No one knows where he ended up, but he always had a lot of friends where he could bunk. It seems he often ended up at Raymond and Jean’s. At some point, he just stopped coming home.

But Mabel and Fay shared a strict childrearing philosophy that was frequently punitive. It’s almost impossible for me to imagine my carefree, fun-loving Grandpa Fay as being anyone who believed in any kind of punishment, but a letter he wrote to my mother when she was 11 years old, the very year that he left the family and handed her over to her grandmother, bears out his thinking.

In this typewritten 2-page letter that was written the day after her birthday (which he missed), Fay outlines all of my mother’s sins that were enumerated:

  • – disobedience
  • – not working hard enough at school
  • – not practicing her music with enough diligence 

Each failing is detailed with examples of her insolence and laziness. He advises her to be “polite and mannerly as these things cannot be overdone.”

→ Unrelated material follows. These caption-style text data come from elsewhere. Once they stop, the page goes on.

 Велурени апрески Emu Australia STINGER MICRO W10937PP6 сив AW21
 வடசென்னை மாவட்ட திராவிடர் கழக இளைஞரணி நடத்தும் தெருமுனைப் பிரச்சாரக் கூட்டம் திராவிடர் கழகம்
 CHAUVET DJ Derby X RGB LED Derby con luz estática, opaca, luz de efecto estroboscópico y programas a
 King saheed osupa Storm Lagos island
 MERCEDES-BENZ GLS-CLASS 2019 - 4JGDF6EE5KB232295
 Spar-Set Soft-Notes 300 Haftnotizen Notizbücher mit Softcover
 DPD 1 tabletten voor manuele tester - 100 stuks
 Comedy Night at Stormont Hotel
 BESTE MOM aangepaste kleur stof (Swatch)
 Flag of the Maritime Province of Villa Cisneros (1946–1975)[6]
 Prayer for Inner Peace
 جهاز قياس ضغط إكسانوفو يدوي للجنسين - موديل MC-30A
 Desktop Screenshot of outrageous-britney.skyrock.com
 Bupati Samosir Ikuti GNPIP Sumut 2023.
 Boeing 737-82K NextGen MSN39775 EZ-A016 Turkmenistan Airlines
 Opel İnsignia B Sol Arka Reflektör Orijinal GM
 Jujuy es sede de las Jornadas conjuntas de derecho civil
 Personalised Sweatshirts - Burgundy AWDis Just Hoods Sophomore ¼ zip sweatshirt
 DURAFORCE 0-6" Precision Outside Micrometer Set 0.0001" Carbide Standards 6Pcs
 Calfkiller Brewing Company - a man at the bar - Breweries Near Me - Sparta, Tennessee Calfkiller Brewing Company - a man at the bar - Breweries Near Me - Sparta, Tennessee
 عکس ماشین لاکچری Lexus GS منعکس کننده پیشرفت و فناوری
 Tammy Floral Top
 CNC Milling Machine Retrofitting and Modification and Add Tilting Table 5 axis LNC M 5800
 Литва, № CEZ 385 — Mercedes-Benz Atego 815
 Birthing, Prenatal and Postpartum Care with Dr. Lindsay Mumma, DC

“You know it's you and Shirley that we want to grow up to be perfect ladies and you cannot do it unless you start now to be obedient, polite and appreciative. These things with your beauty will make you perfect.” ~ Fay to Barb

Appreciative? Not a chance. I believe my mother was making her attitude clear. When she recently reread the letter, she threw it down and said it was all a lie. He never bought her a bike and she never went to camp. She never forgave him for his collusion with Mabel.

“They were the worst two years of my life."